In John iii., the kingdom is seen and entered into through the life beginning in the soul, however feeble the experience of the start.  In chap, iv., there is evident growth.  The life is in the believer "A WELL of water springing up into everlasting life."  The soul is in a state of divine satisfaction and liberty.  In chap. vii. 57, there is more yet—"He that believeth in Me, as the Scripture has said, out of his belly shall flow RIVERS of living water."
You might keep your well to yourself, but you can't monopolize A RIVER, much less RIVERS.  The believer's body, having become the temple of the Holy Ghost, is to be the vessel of divine life, until streams of love, joy, peace, power, blessing and goodness, overflow into all directions.
"As the Scripture has said."  Is it the Ezekiel passage about a river of living water proceeding out of the holiest, in the millennial temple, when the glory of God has filled it? (Ezek. xlvii.).  I strongly yield to the thought, especially in the light of Rev. xxii. 1, which is a spiritual application of Ezekiel's vision, to the day of the Holy Ghost, the Glorifier on earth of the Man glorified in heaven.

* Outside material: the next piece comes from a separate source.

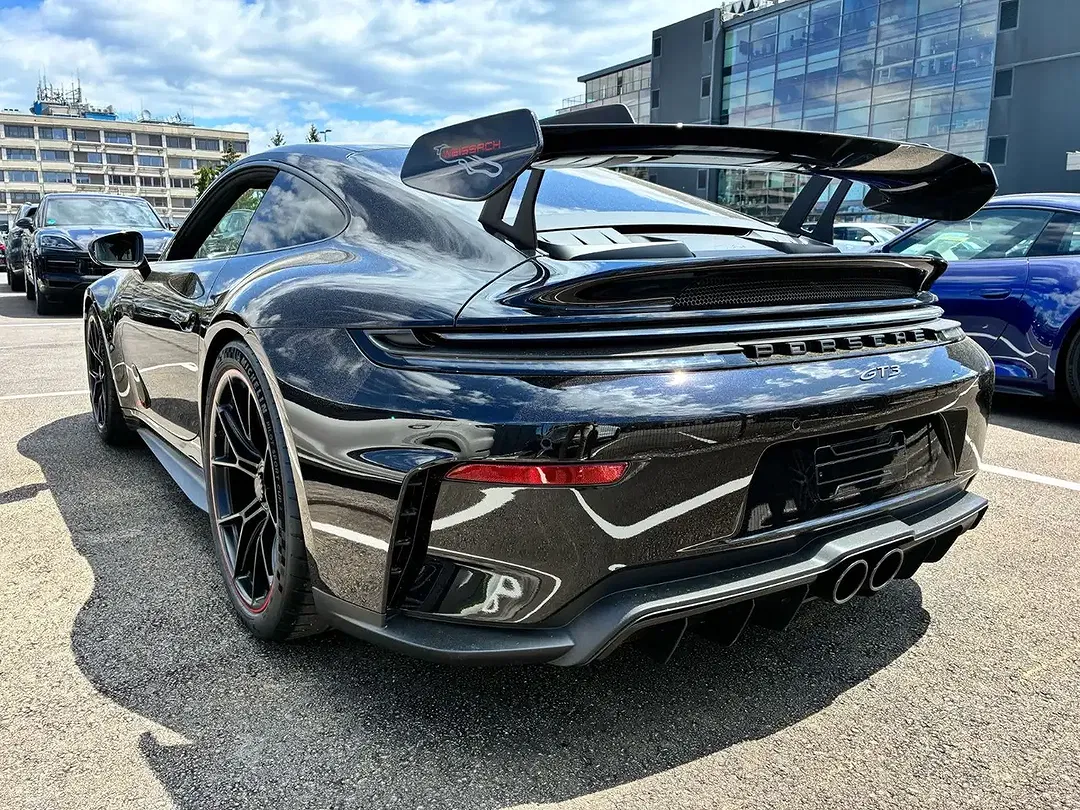 Porsche 911 - Thumbnail 4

And there we see that there is constant advance.  "Life more abundantly" has no limit.  Ankle deep becomes knee deep, knee deep becomes loin deep, and eventually there are depths to swim in; the man is lost to sight in the river of divine life.  O that this were true among us, beloved brethren!  O that the life that was before the fall, before sin and death invaded the inheritance of the first Adam, might reign supreme over all, in the power of His resurrection, who is the Second Man, the Lord from heaven!
Following Christ, the Light of the world, we have the light of life.  The life makes room for itself, by its light discovering to our inward sight the tendencies of the flesh, rebuking, exposing, and reproving them, so that we become still before God, and “all flesh" becomes silent within us.  As we listen to its holy teaching to deny ungodliness and worldly lusts, that we should live soberly, righteously, and godly in this present world, it will, as we follow it, bring us out from under the captivity of the sins it has made manifest to our consciences.  This is a life-long discipline, and it means "death" to the cravings of the Adam nature.  "The Cross" becomes thus "the power of God" to slay our lusts.  Of all the wonderful sayings of the Divine Teacher, our Lord Jesus Christ, the only one that I remember being quoted by all the four Evangelists, and that twice by Matthew and Luke, is—"He that loveth his life loseth it, and he that hateth his life in this world shall keep it unto life eternal" (John xii. 25, R.V.; Matt. x. 39; xvi. 25; Mark viii. 35; Luke ix. 24; xvii. 33).  We are not to glory in a Cross which leaves us uncrucified.